Before I start talking about the Leeder...
(Skip this b/c I'm gonna talk some crap about Karanka of Basque)
Let's talk about something weird. Just yesterday, I got a shock from Japan. I suspect it might be my friend Randy and/or his wife Lydia since the source read like "from your FB profile". The problem is, I don't remember either or both being football fans.
Hopefully, no one will tell me it's actually Aragaki "unrelated to Gaki no Tsukai" Yui.
I will kill whoever the 野郎 telling me that unless undeniable evidence is given.
However, this part is never about Japan, Randy/Lydia, or Yui. Rather, it's about Aitor "El AK-47" Karanka.

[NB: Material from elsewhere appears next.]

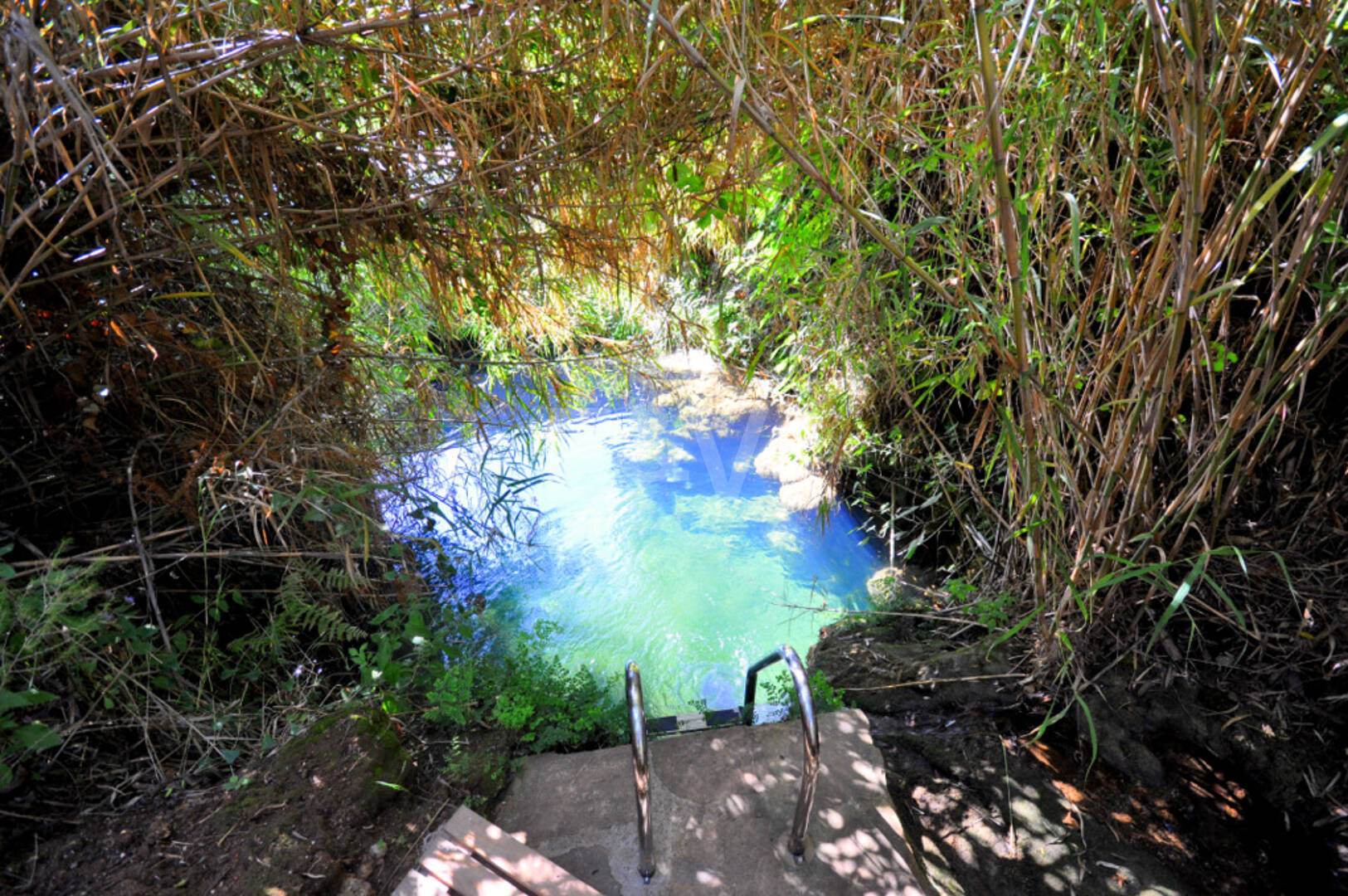 Grand Palatial Estate with Panoramic Sea Views Close to Sierra Blanca, Marbella Golden Mile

On a major hindsight, there's no way Karanka would say "yes" to Ellis "not Tall" Short. In fact, it seems that Chris "not Martin" Coleman has agreed to take the job. On one hand, there's this obvious fact that Señor AK-47 is never one about money. I know this sounds snobbish, but he did snub the material comfort offered by London (and Steve "not to be confused with other Steves" Parish). Then the next thing we knew, he's at the northeast where the steel is as cold as winter while passion is as hot as summer. Simply put, there's no difference between snubbing the Mackems and the Crystals. So no, any move to the opposite end of the northeast won't make any sense from Karanka's lofty standard.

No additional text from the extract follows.